The Caledonian Union (Union calédonienne, UC) is a pro-independence party and the oldest political party in New Caledonia. In the latest legislative elections of May 10, 2009, the party won around 11.65% of the popular vote, and 9 out of 54 seats in the Territorial Congress.

==History==
The Caledonian Union was born as a cross-community (multi-ethnic) autonomist party led by Maurice Lenormand, who was the island's sole representative in the French National Assembly. There, he sat with the Popular Republican Movement, or MRP, and other Christian democratic parties in France. The Caledonian Union did not initially call for the independence of New Caledonia, but instead drew support from all ethnic groups in New Caledonia and campaigned for a greater degree of self-governance and local identity from France under the slogan "Two Colours, One People."

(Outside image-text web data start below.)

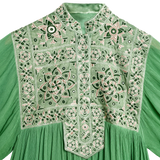DELFINA WITH PAKKO EMBROIDERY - EMERALD GOLDEN LEAVES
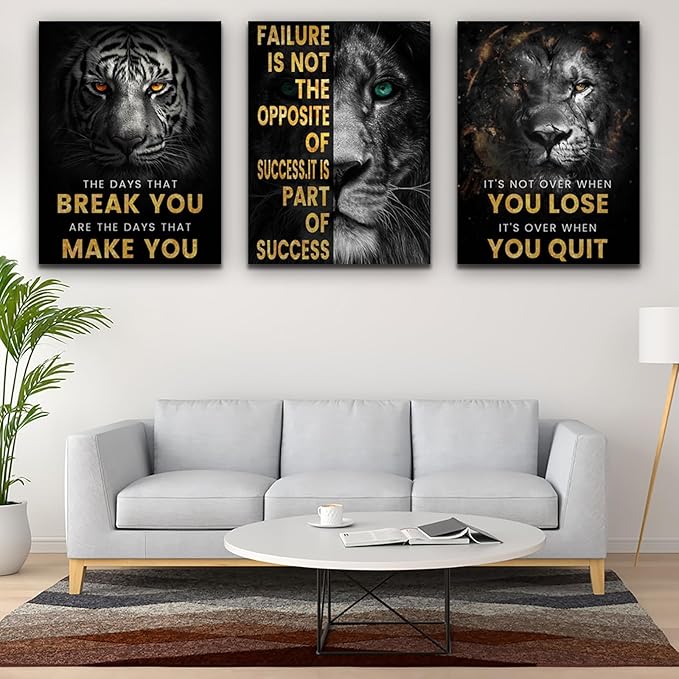 Motivational Office Wall Decor 3 Pieces Paintings Motivational - Image 2
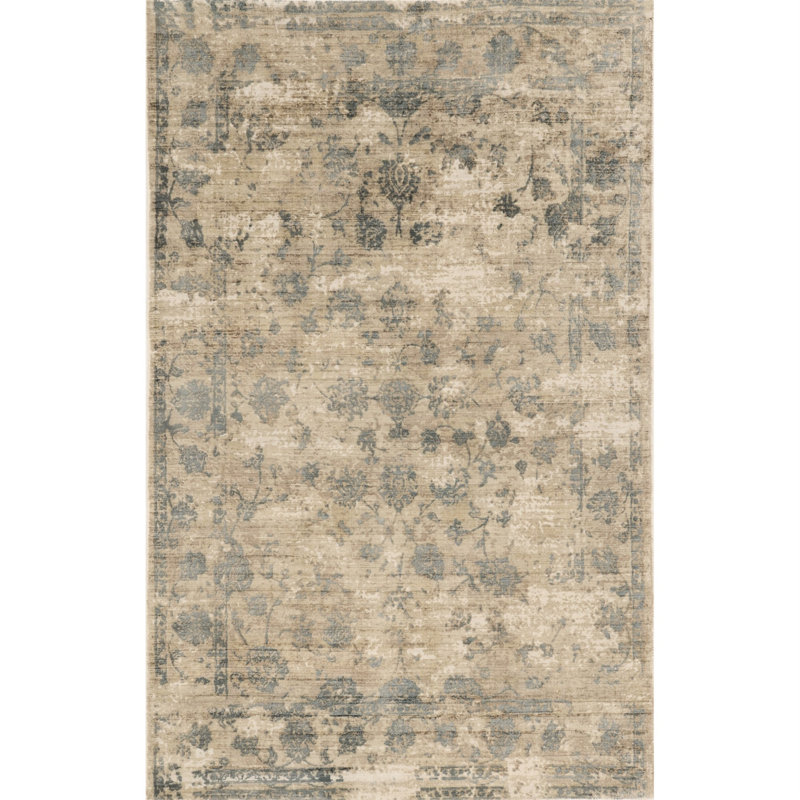 Tapis bleu abstrait noué à la main Overbey, Rectangle 3 pi 3 po x 5 pi 3 po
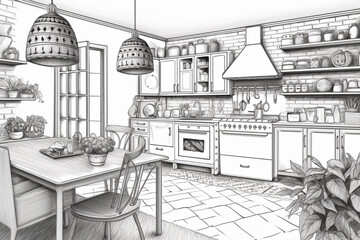Sketch drawing on a sheet of kitchen interior, generative ai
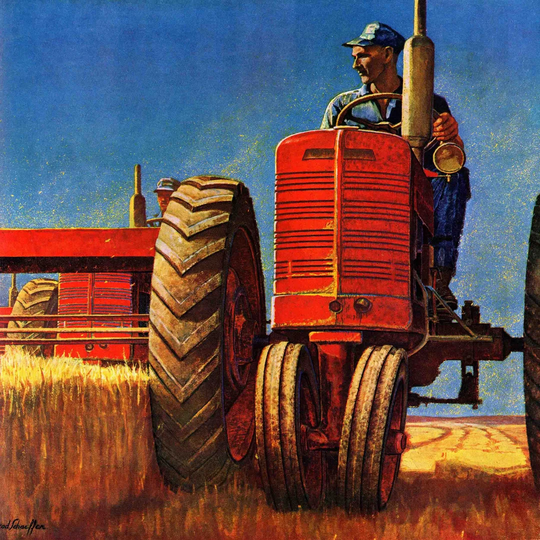 Mower - Wrapped Canvas Painting Print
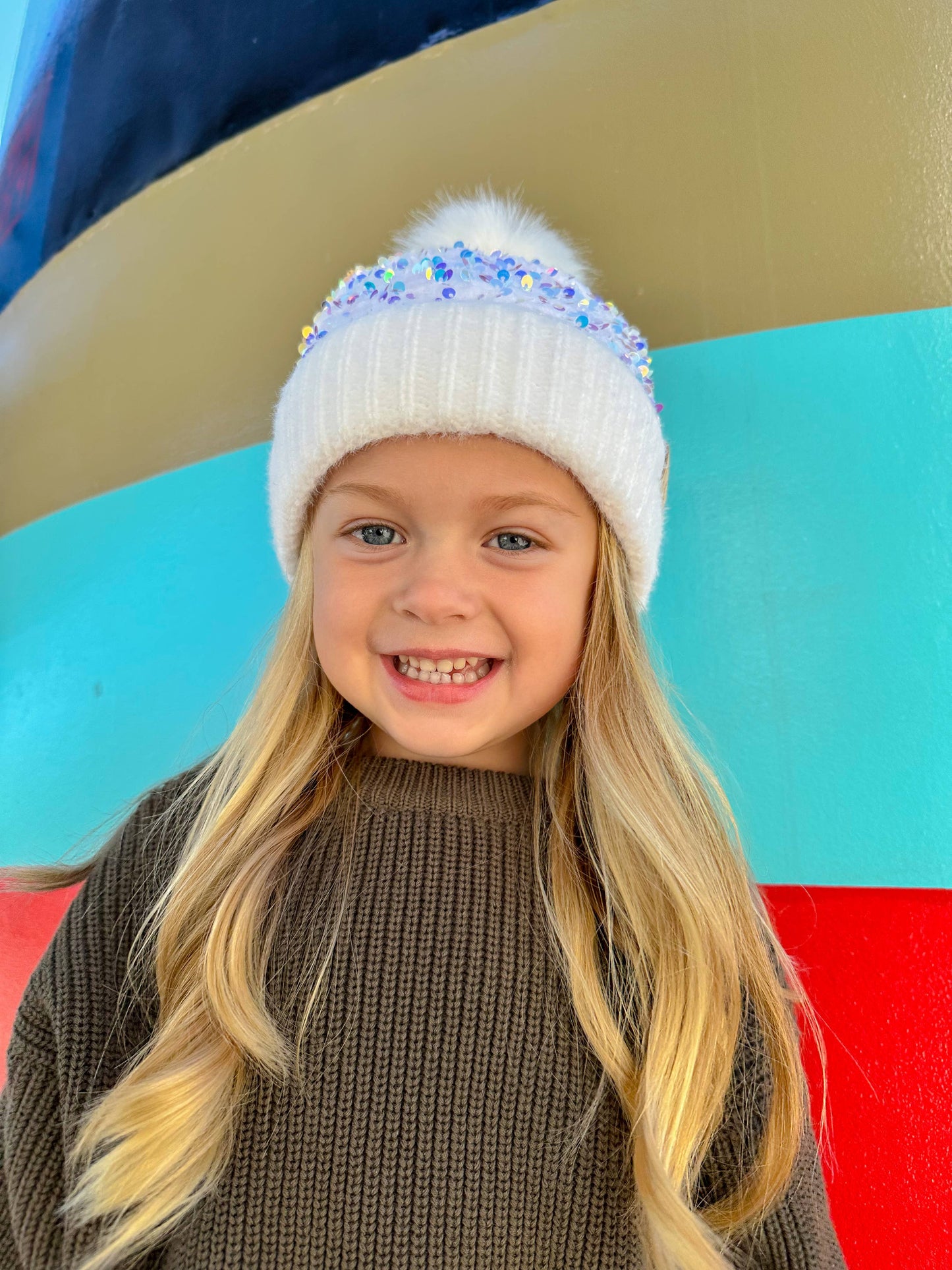 Toddler & Kids Cluster Sequin Fuzzy Lined Faux Fur Pom Beanie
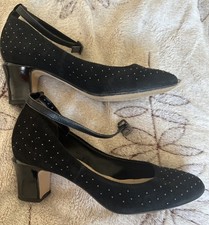 CLARKS Suede Pin Stud Gold Size 6 Patent 2 Inch Heel Ankle Strap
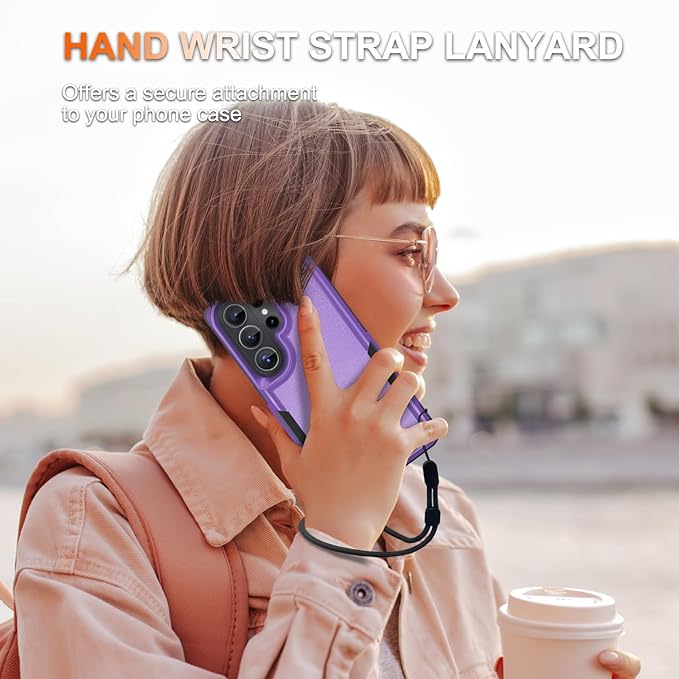 for Samsung Galaxy S26 Ultra Case with Screen Protector+Camera Lens Cover,Military Grade Heavy Duty Shockproof Phone Cover with Wrist Lanyard Strap for Samsung S26Ultra,Lavender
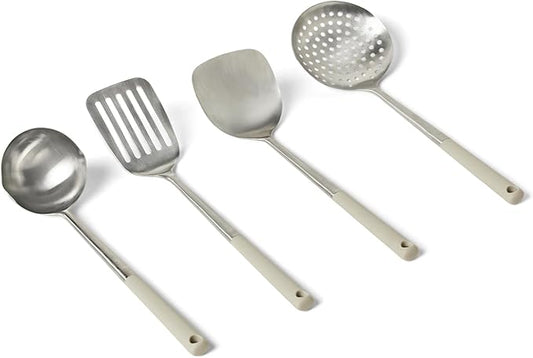 Amazon Basics Stainless Steel Cooking Spoon and Ladle Set, 4-Piece Set, Soft Grip Handle, Dishwasher-Safe, Linen Gray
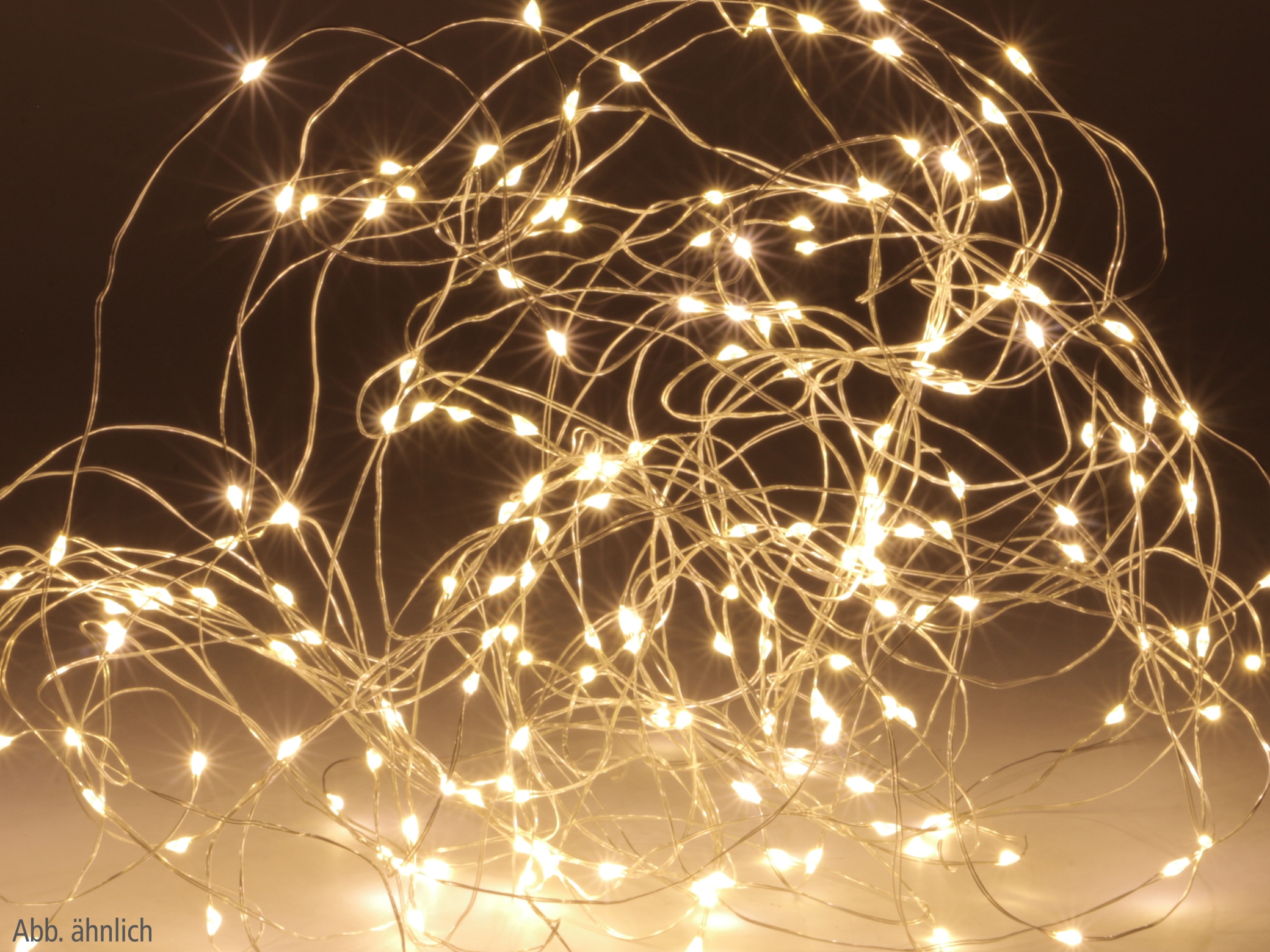 LED-Lichterkette, Silberdraht, 40 LEDs, warmweiß, Batteriebetrieb, Timer LED-Lichterkette, Silberdraht, 40 LEDs, warmweiß, Batteriebetrieb, Timer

The party's first significant success was on February 8, 1953 with the election of 15 members of the Caledonian Union to the 25 seats General Council.

However, the UC opposed the arrival of Gaullist centralism in France, which undid most of the autonomist reforms of the French Fourth Republic (the Defferre laws). The UC grew more and more radical, and started flirting with independence, which eventually led to an outflow of the Caldoche members of the Caledonian Union to new loyalist parties, such as the Rally for Caledonia in the Republic. Combined with corruption scandals, this weakened the party considerably.

In 1977 in Bourail, the UC adopted a nationalist platform that changed the party's ideology from autonomism to full independence from France. This shift was supported by Jean-Marie Tjibaou and the rare European pro-separatists, such as Maurice Lenormand and Pierre Declercq. In 1979, the UC joined with the Party of Kanak Liberation (Palika) and other parties to form the Nationalist Front, which became the Kanak and Socialist National Liberation Front (FLNKS) in 1984.

The UC was the largest faction in the FLNKS, led by Tjibaou. It was largely moderate, as opposed to the more radical Palika. Tjibaou was killed in 1989 by an extremist Kanak nationalist. In 2001, Roch Wamytan, the moderate leader of the UC, lost an election to Pascal Naouna, a radical. The UC has since broken with Palika within the FLNKS, which has no unitary president and is very divided. Charles Pidjot, Roch Pidjot's nephew, replaced Naouna in 2007. He died in 2012 and was replaced by Daniel Goa.

In the 2009 provincial elections, the party won 9 seats in the Congress of New Caledonia and around 11.65% of the vote. However, in the South Province, the UC ran on a common slate with Palika and won one of the four seats won by that list.

The UC controls the provincial presidency of the Loyalty Islands.

==Ideology==
The UC favour the concept of independence-association similar to the Marshall Islands. However, the UC has taken a radical stance in favour of strict adherence to the terms of the Nouméa Accord, no talks with the loyalists. For example, the UC boycotted the visit of Jacques Chirac to the island in 2003.